Forum Discussion

Copper Contributor

Mar 10, 2021

Word search through thousands of pdf's?

Is this the appropriate product to use if I want to create a word search index for thousands of pdf files, and then query it from my asp.net application?

Wavel

Copper Contributor

Mar 10, 2021

Last time I checked though, the system only indexed the first 30k or so of each document. I need the entire pdf (10k-2MB) searchable. These are all text pdf's by the way. No images.

David_Bluebox

Copper Contributor

Mar 10, 2021

I have similar requirements where a client subscribes to a number of Market Research (in education) sources that provide regular PDF's containing text and images. My client wishes to perform a search across those documents e.g. all research documents related to students coming from China. The documentation I have read seems to also refer to the text limit as mentioned by Wavel. How can we execute such an indexing operation? All of the files currently reside in SharePoint.

Luis Cabrera-Cordon
Former Employee
Mar 10, 2021
David_Bluebox

Azure Cognitive Search should work for this.
If all your content is in SharePoint though I would first check if SharePoint search meets your needs.

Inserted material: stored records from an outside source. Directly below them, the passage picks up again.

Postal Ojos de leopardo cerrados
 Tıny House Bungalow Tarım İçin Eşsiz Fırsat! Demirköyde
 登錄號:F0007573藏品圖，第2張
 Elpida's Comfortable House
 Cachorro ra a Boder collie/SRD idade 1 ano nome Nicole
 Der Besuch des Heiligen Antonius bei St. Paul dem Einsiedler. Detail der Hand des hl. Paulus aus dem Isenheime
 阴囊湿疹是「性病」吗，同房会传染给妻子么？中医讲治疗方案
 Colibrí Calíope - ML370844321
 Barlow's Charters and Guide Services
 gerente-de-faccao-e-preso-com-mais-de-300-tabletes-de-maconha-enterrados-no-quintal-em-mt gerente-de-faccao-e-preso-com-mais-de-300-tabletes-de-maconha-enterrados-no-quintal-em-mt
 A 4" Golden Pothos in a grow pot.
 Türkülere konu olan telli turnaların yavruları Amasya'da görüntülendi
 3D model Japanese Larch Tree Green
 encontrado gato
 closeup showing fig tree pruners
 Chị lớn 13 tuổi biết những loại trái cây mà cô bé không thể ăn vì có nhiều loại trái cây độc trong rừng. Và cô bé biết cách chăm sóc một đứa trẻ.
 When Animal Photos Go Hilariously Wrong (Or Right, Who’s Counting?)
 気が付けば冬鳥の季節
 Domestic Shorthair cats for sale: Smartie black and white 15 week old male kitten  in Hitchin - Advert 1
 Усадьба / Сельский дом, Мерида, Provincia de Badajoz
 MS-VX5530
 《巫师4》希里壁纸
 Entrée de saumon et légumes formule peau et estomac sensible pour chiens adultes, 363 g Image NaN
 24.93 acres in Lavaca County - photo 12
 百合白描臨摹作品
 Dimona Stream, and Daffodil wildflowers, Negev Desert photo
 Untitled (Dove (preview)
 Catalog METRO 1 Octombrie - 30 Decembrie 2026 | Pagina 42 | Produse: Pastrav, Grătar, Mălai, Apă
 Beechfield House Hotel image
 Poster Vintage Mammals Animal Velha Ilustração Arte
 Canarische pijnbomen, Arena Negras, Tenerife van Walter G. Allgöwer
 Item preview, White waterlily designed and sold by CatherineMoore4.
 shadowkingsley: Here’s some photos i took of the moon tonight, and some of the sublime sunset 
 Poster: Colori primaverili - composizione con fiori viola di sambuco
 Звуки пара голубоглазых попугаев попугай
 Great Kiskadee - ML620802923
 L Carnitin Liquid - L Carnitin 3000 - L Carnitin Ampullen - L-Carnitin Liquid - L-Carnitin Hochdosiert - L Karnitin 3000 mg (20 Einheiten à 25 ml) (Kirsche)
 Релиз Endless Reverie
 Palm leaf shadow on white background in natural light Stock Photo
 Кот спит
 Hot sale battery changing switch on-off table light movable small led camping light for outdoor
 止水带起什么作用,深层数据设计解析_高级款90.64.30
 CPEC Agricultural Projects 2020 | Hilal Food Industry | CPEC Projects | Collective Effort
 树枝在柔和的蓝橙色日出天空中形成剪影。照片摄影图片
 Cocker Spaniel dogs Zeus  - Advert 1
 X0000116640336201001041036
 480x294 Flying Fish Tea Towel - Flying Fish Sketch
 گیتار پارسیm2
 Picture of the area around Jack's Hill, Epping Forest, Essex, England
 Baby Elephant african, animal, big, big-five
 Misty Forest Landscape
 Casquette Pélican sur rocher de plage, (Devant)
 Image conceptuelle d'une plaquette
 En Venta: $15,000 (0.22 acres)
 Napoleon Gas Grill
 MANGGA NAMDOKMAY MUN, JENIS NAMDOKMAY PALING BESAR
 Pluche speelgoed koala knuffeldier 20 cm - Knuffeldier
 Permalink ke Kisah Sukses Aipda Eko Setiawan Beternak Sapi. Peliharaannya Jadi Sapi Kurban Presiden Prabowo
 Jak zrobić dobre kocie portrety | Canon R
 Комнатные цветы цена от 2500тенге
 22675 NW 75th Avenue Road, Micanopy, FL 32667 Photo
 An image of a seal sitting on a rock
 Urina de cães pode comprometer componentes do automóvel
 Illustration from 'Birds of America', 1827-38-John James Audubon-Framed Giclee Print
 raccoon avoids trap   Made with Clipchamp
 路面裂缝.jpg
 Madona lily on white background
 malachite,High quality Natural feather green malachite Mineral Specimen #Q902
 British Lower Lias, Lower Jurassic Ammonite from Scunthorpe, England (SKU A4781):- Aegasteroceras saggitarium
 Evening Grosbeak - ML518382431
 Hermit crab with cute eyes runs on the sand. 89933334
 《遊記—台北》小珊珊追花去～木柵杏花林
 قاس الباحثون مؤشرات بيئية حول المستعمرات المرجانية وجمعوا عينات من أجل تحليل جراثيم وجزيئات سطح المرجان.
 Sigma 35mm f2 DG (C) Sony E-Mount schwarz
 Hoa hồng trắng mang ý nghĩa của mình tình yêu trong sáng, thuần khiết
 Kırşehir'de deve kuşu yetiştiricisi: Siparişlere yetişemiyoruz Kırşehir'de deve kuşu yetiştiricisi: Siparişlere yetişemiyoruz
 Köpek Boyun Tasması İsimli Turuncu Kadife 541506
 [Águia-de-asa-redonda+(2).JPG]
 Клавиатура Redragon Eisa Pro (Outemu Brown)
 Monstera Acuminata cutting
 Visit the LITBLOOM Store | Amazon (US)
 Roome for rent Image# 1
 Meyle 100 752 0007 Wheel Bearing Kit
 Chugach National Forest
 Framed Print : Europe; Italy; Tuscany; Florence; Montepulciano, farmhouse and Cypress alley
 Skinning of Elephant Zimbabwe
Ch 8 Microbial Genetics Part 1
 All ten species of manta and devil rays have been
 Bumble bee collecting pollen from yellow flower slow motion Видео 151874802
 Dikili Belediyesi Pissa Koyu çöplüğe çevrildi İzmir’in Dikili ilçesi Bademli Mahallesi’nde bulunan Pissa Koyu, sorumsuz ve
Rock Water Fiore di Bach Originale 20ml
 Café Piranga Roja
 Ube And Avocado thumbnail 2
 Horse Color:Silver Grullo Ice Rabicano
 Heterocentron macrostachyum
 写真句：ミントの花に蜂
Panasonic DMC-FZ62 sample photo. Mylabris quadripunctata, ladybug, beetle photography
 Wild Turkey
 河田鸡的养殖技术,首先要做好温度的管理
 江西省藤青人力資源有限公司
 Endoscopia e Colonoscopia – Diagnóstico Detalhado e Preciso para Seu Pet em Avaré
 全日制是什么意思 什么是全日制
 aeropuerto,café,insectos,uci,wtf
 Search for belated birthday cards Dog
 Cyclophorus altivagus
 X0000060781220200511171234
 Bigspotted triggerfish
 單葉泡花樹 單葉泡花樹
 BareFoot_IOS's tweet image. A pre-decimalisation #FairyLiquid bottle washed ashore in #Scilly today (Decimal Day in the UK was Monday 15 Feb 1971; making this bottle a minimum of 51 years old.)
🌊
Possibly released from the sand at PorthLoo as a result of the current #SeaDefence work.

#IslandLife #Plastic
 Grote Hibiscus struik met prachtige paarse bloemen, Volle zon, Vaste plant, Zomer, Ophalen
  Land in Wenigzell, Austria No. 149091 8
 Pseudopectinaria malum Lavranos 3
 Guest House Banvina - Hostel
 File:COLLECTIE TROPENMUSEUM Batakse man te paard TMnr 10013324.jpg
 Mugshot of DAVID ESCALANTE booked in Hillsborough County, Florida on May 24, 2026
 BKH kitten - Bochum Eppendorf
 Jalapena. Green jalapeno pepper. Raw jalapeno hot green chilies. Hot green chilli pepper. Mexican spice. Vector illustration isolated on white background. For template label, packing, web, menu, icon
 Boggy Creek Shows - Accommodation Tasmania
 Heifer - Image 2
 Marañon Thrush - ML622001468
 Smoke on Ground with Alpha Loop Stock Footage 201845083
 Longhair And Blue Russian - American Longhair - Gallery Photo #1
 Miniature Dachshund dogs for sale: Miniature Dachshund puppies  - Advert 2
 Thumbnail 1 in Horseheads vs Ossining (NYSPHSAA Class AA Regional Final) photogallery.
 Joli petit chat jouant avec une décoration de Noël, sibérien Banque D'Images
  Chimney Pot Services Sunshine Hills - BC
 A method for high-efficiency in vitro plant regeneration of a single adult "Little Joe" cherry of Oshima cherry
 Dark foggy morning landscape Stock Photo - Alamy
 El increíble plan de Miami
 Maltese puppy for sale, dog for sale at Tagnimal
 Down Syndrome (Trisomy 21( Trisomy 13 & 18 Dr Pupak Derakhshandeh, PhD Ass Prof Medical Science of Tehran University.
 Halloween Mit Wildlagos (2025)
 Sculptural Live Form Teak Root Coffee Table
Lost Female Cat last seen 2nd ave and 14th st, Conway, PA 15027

If you need additional flexibility that Azure Cognitive Search provides, you either could use the new SharePoint indexer (in preview: Configure a SharePoint Online indexer (preview) - Azure Cognitive Search | Microsoft Docs), or simply copy all your files to blob storage, and use the blob storage indexer. (Search over Azure Blob storage content - Azure Cognitive Search | Microsoft Docs)

I hope this was helpful,

Luis Cabrera, Azure Cognitive Search team.